Example

In machine learning, an example is a single data point that a model trains on or makes a prediction about. In supervised settings an example is a pair $(x, y)$ where $x$ is a vector of features and $y$ is a label. In unsupervised settings an example is just the feature vector $x$. The word is used almost interchangeably with instance, sample, observation, record, row, and data point. Different research communities prefer different terms, but the underlying object is the same: one row of data that the learning algorithm consumes. The choice of which examples to collect, how to label them, how to split them across training and evaluation, and how to weight them during training shapes almost every property of the resulting model.

Explain like I'm 5 (ELI5)

Imagine you are teaching a friend to tell apples from oranges. Each time you hold up a piece of fruit and say what it is, that is one example. The fruit itself is what your friend looks at. The name ("apple" or "orange") is the answer. After enough examples your friend can guess on their own. A computer learns the same way, just with millions of examples instead of a handful. If you only ever show your friend yellow apples, they will struggle when a green apple shows up. The mix of examples you choose decides what the learner can and cannot do later.

Formal definition

In the standard formulation of supervised learning, examples are assumed to be drawn independently and identically distributed (iid) from a fixed but unknown joint distribution $P(X, Y)$ over an input space $\mathcal{X}$ and an output space $\mathcal{Y}$. A training data set of size $n$ is then

$$D = {(x_1, y_1), (x_2, y_2), \ldots, (x_n, y_n)}$$

where each $(x_i, y_i)$ is one example. The features $x_i$ may be a real-valued vector, a sequence of tokens, a tensor of pixel intensities, a graph, or any other structured object. The label $y_i$ may be a class index for classification, a real number for regression, a sequence for sequence-to-sequence tasks, or even another structured object.

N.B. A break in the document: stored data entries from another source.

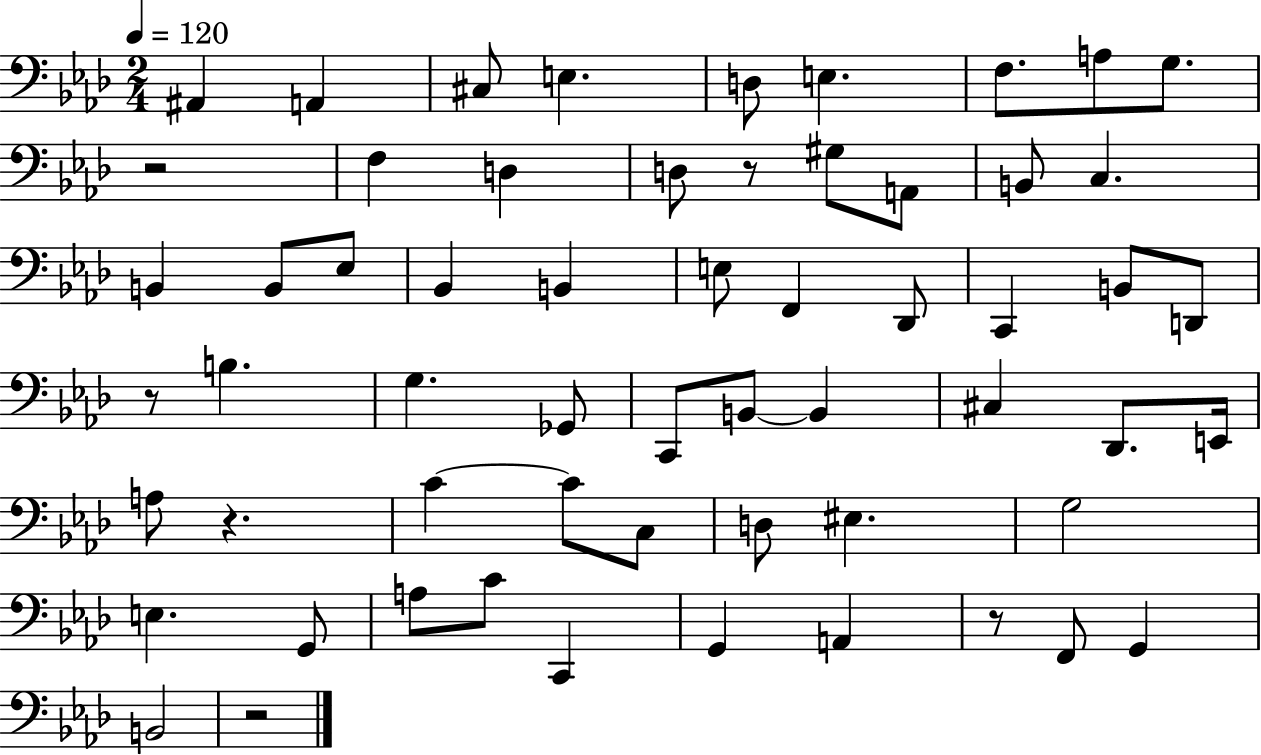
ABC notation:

X:1
T:Untitled
M:2/4
L:1/4
K:Ab
^A,, A,, ^C,/2 E, D,/2 E, F,/2 A,/2 G,/2 z2 F, D, D,/2 z/2 ^G,/2 A,,/2 B,,/2 C, B,, B,,/2 _E,/2 _B,, B,, E,/2 F,, _D,,/2 C,, B,,/2 D,,/2 z/2 B, G, _G,,/2 C,,/2 B,,/2 B,, ^C, _D,,/2 E,,/4 A,/2 z C C/2 C,/2 D,/2 ^E, G,2 E, G,,/2 A,/2 C/2 C,, G,, A,, z/2 F,,/2 G,, B,,2 z2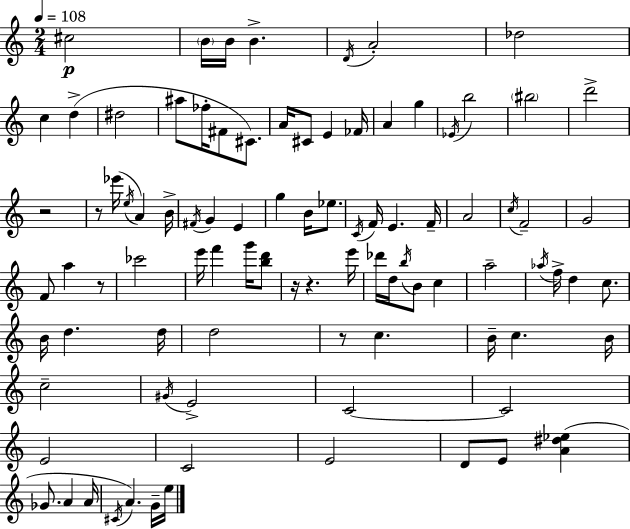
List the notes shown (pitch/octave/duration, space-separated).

C#5/h B4/s B4/s B4/q. D4/s A4/h Db5/h C5/q D5/q D#5/h A#5/e FES5/s F#4/e C#4/e. A4/s C#4/e E4/q FES4/s A4/q G5/q Eb4/s B5/h BIS5/h D6/h R/h R/e Eb6/s E5/s A4/q B4/s F#4/s G4/q E4/q G5/q B4/s Eb5/e. C4/s F4/s E4/q. F4/s A4/h C5/s F4/h G4/h F4/e A5/q R/e CES6/h E6/s F6/q G6/s [B5,D6]/e R/s R/q. E6/s Db6/s D5/s B5/s B4/e C5/q A5/h Ab5/s F5/s D5/q C5/e. B4/s D5/q. D5/s D5/h R/e C5/q. B4/s C5/q. B4/s C5/h G#4/s E4/h C4/h C4/h E4/h C4/h E4/h D4/e E4/e [A4,D#5,Eb5]/q Gb4/e. A4/q A4/s C#4/s A4/q. G4/s E5/s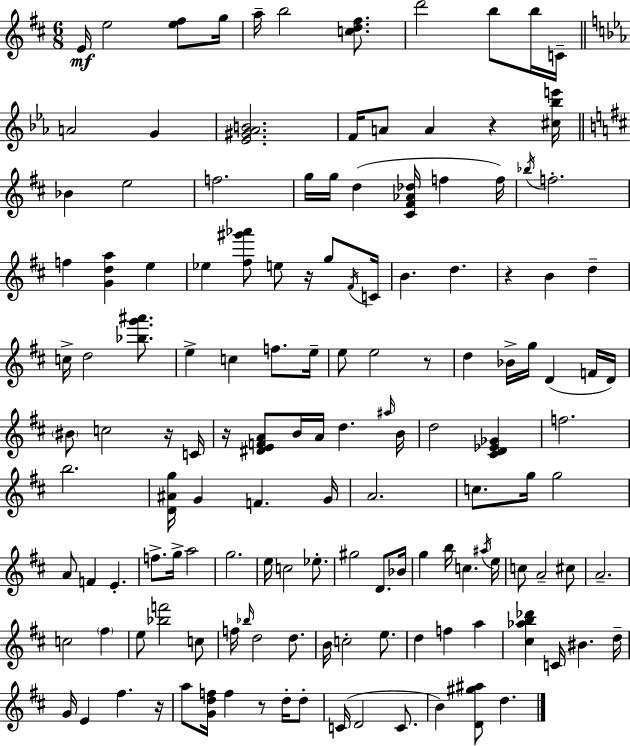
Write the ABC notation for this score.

X:1
T:Untitled
M:6/8
L:1/4
K:D
E/4 e2 [e^f]/2 g/4 a/4 b2 [cd^f]/2 d'2 b/2 b/4 C/4 A2 G [_E^G_AB]2 F/4 A/2 A z [^c_be']/4 _B e2 f2 g/4 g/4 d [^C^F_A_d]/4 f f/4 _b/4 f2 f [Gda] e _e [^f^g'_a']/2 e/2 z/4 g/2 ^F/4 C/4 B d z B d c/4 d2 [_bg'^a']/2 e c f/2 e/4 e/2 e2 z/2 d _B/4 g/4 D F/4 D/4 ^B/2 c2 z/4 C/4 z/4 [^DEFA]/2 B/4 A/4 d ^a/4 B/4 d2 [^CD_E_G] f2 b2 [D^Ag]/4 G F G/4 A2 c/2 g/4 g2 A/2 F E f/2 g/4 a2 g2 e/4 c2 _e/2 ^g2 D/2 _B/4 g b/4 c ^a/4 e/4 c/2 A2 ^c/2 A2 c2 ^f e/2 [_bf']2 c/2 f/4 _b/4 d2 d/2 B/4 c2 e/2 d f a [^c_ab_d'] C/4 ^B d/4 G/4 E ^f z/4 a/2 [Gdf]/4 f z/2 d/4 d/2 C/4 D2 C/2 B [D^g^a]/2 d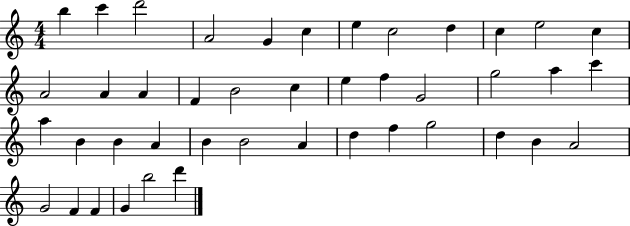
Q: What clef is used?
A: treble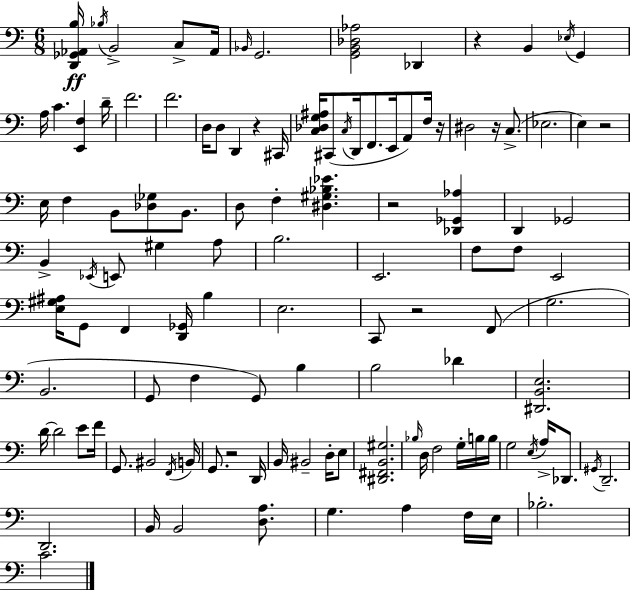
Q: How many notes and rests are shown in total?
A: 117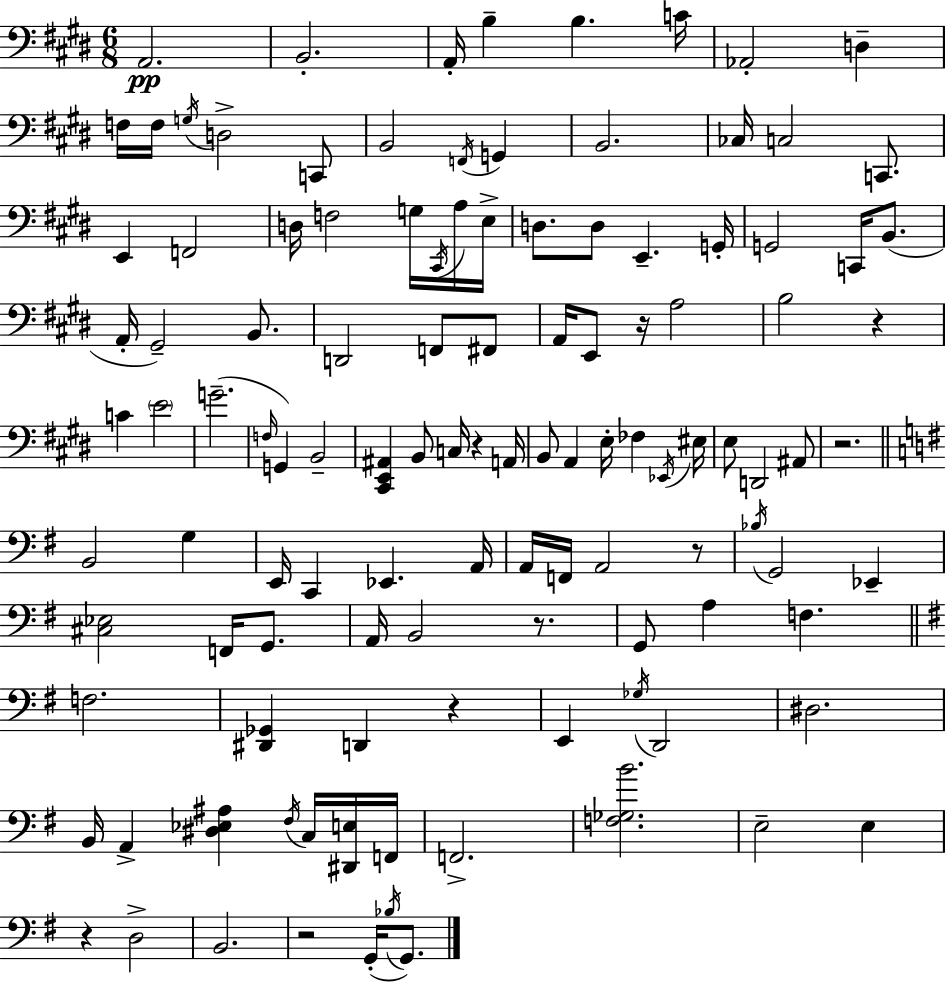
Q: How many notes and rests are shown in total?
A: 116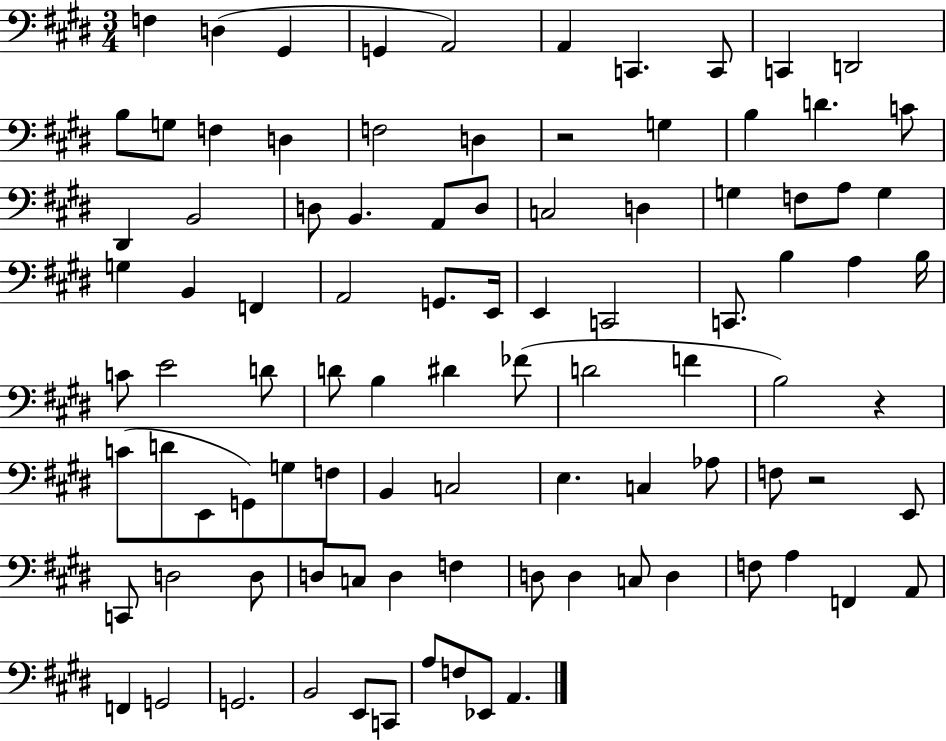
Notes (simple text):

F3/q D3/q G#2/q G2/q A2/h A2/q C2/q. C2/e C2/q D2/h B3/e G3/e F3/q D3/q F3/h D3/q R/h G3/q B3/q D4/q. C4/e D#2/q B2/h D3/e B2/q. A2/e D3/e C3/h D3/q G3/q F3/e A3/e G3/q G3/q B2/q F2/q A2/h G2/e. E2/s E2/q C2/h C2/e. B3/q A3/q B3/s C4/e E4/h D4/e D4/e B3/q D#4/q FES4/e D4/h F4/q B3/h R/q C4/e D4/e E2/e G2/e G3/e F3/e B2/q C3/h E3/q. C3/q Ab3/e F3/e R/h E2/e C2/e D3/h D3/e D3/e C3/e D3/q F3/q D3/e D3/q C3/e D3/q F3/e A3/q F2/q A2/e F2/q G2/h G2/h. B2/h E2/e C2/e A3/e F3/e Eb2/e A2/q.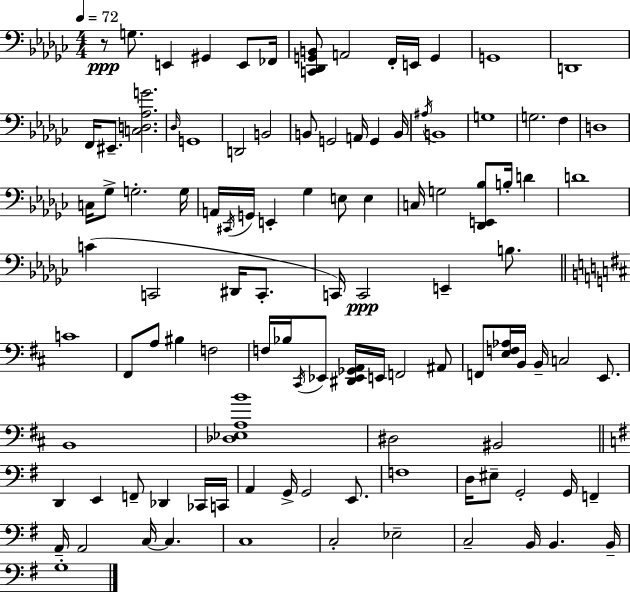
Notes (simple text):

R/e G3/e. E2/q G#2/q E2/e FES2/s [C2,Db2,G2,B2]/e A2/h F2/s E2/s G2/q G2/w D2/w F2/s EIS2/e. [C3,D3,Ab3,G4]/h. Db3/s G2/w D2/h B2/h B2/e G2/h A2/s G2/q B2/s A#3/s B2/w G3/w G3/h. F3/q D3/w C3/s Gb3/e G3/h. G3/s A2/s C#2/s G2/s E2/q Gb3/q E3/e E3/q C3/s G3/h [Db2,E2,Bb3]/e B3/s D4/q D4/w C4/q C2/h D#2/s C2/e. C2/s C2/h E2/q B3/e. C4/w F#2/e A3/e BIS3/q F3/h F3/s Bb3/s C#2/s Eb2/e [D#2,Eb2,Gb2,A2]/s E2/s F2/h A#2/e F2/e [E3,F3,Ab3]/s B2/s B2/s C3/h E2/e. B2/w [Db3,Eb3,A3,B4]/w D#3/h BIS2/h D2/q E2/q F2/e Db2/q CES2/s C2/s A2/q G2/s G2/h E2/e. F3/w D3/s EIS3/e G2/h G2/s F2/q A2/s A2/h C3/s C3/q. C3/w C3/h Eb3/h C3/h B2/s B2/q. B2/s G3/w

In unsupervised settings the examples are just ${x_1, \ldots, x_n}$ with no labels attached. The iid assumption is convenient for theory but rarely holds exactly in practice. Real datasets tend to be biased by the collection process, by the population that was sampled, and by the labelers who annotated them.

Synonyms and terminology

Different communities use different words for the same idea, which causes a lot of needless confusion when reading across fields.

Term	Field where common	Notes
Example	Machine learning, statistical learning theory	The default in PAC-learning literature and in textbooks by Mitchell and Vapnik
Instance	Machine learning, data mining	Used in Witten and Frank's Data Mining and Mitchell's Machine Learning
Sample	Deep learning, signal processing	Ambiguous: in statistics a "sample" usually means a set of observations, not one
Observation	Statistics, econometrics	Standard in regression and time series
Record	Databases, data engineering	One row in a table or one document in a store
Row	Tabular ML, pandas, SQL	Common when data is held in a DataFrame
Data point	Geometry, visualization	Emphasizes the view of an example as a point in feature space
Datum	Older statistics texts	Singular of "data"; rarely used in modern ML papers
Training example	ML pedagogy	Emphasizes that the example is part of the training set
Demonstration / shot	Prompt engineering, in-context learning	An example placed in a prompt rather than in a training set

"Sample" is the most slippery of these. A deep learning practitioner who says "the model saw 10 million samples" means 10 million examples. A classical statistician who says "we drew a sample of size 1000" means a single dataset of 1000 observations.

Examples in different learning paradigms

The shape of an example depends on the kind of learning being done.

Paradigm	Form of an example	Typical label
Supervised learning	$(x, y)$ pair	Class index, real number, sequence
Unsupervised learning	$x$ alone	None
Semi-supervised learning	Mix of $(x, y)$ and $x$	Some labeled, most unlabeled
Self-supervised learning	$x$ split into input and target	Derived from $x$ itself, e.g., next token or masked patch
Reinforcement learning	Trajectory of $(s_t, a_t, r_t)$	Reward signal
Active learning	$x$ chosen by the learner, then queried for $y$	Label produced by oracle on demand
In-context learning	$(x, y)$ shown inside the prompt	Demonstration, no weight update

In supervised learning the examples are the raw material. In self-supervised learning, examples are constructed from unlabeled text or images by hiding part of the input and asking the model to predict it. The trillions of next-token prediction examples used to pretrain modern large language models all come from this trick. In reinforcement learning, the unit is a transition or full trajectory, which is a sequence of state, action, and reward triples rather than a single (input, label) pair.

Labeled and unlabeled examples

The distinction between labeled and unlabeled examples sits at the heart of semi-supervised learning, which was given its modern formulation in the 2006 MIT Press volume edited by Olivier Chapelle, Bernhard Schölkopf, and Alexander Zien. Labels are usually expensive: a doctor must read the X-ray, a translator must produce the target sentence, a judge must rate the search result. Unlabeled inputs are usually cheap: web pages, photographs, and recordings can be collected by the billion at almost no cost.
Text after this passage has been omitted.